LONDON - More than a quarter of the candidates chosen by Britain's political parties to fight next year's general election have no experience of any career other than politics.
A survey of 782 prospective parliamentary candidates - 94 per cent of those selected so far, excluding sitting MPs - shows that a greater than ever number are political professionals who have gone from university into a political job as an adviser or researcher.
One in three Conservative candidates are employed full-time as party functionaries or MPs' advisers, despite leader David Cameron's efforts to recruit more MPs with real-life experience.
In May, Cameron announced that he was making the Conservatives' candidates list open even to those who were not paid-up party members, in the hope that fewer "robots" would be elected to Parliament.
The one cheering piece of news for Cameron in the survey, compiled by the New Local Government Network think-tank, is that 46 per cent of Conservative candidates have a business background compared to just 18 per cent of Labour candidates.
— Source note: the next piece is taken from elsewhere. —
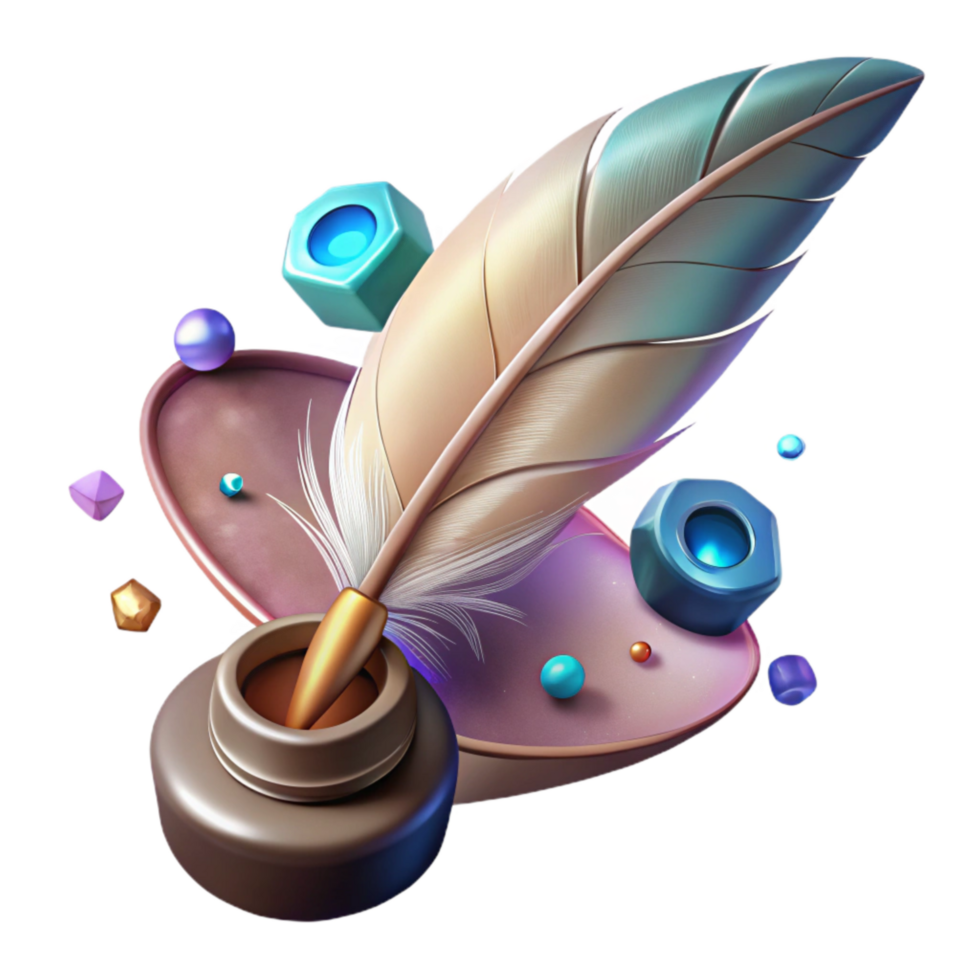 beautiful rustic Vintage Feather Quill Pen Side View Cutout Element professional png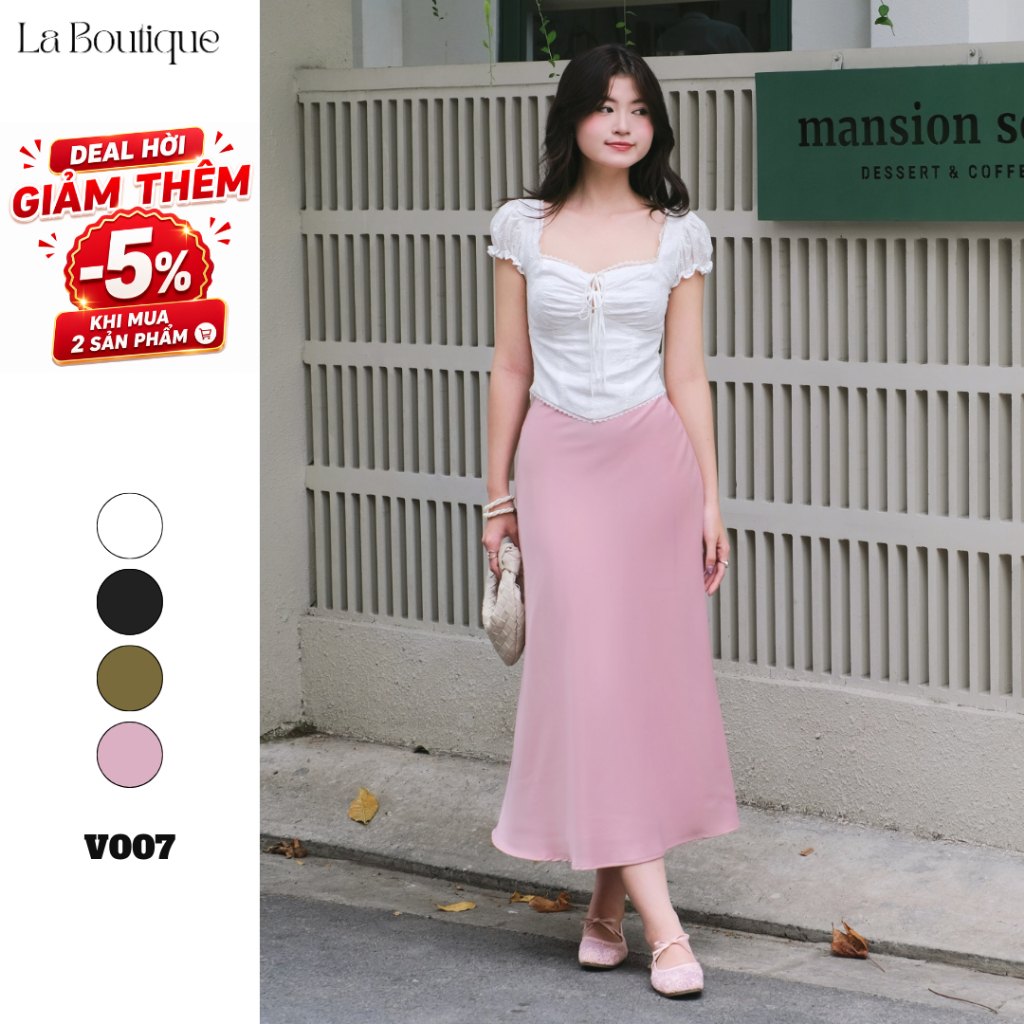 Chân váy lụa vân gỗ dáng ngắn cạp cao hai lớp dành cho nàng 1m50 La Boutique V007 | BigBuy360 - bigbuy360.vn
The research shows that almost a third of the next batch of Conservatives and more than a quarter of Labour candidates have taken similar paths.
On the Tory side, 18 per cent work for the party and another 12 per cent are working for MPs. The figures for Labour are 14 per cent and 12 per cent.
The full-time professional politician is a relatively new phenomenon in British life.
In 1950, an Oxford academic named Herbert Nicholas carried out a survey of the professional backgrounds of the Conservative and Labour candidates.
He found only an "irreducible minimum" of 30 out of more than 1200 "whose entire life had been so soaked in politics that no other label would have meaning for them," including Winston Churchill and Herbert Morrison, grandfather of the current Business Secretary, Lord Peter Mandelson.
They were easily outnumbered by 37 coal miners running for Labour, or 39 Conservative candidates whose inherited wealth meant that they had not had to work at all.
PATHWAYS TO POWER
Who: David Cameron
Job: Leader of the Opposition
Route: Went straight from university into a job at the Conservative Research Department. Has held only one job outside politics, with Carlton Television.
Who: David Miliband
Job: Foreign Secretary
Route: Joined the Labour think-tank, IPPR, at 24. From there he went to former PM Tony Blair's private office before entering Parliament.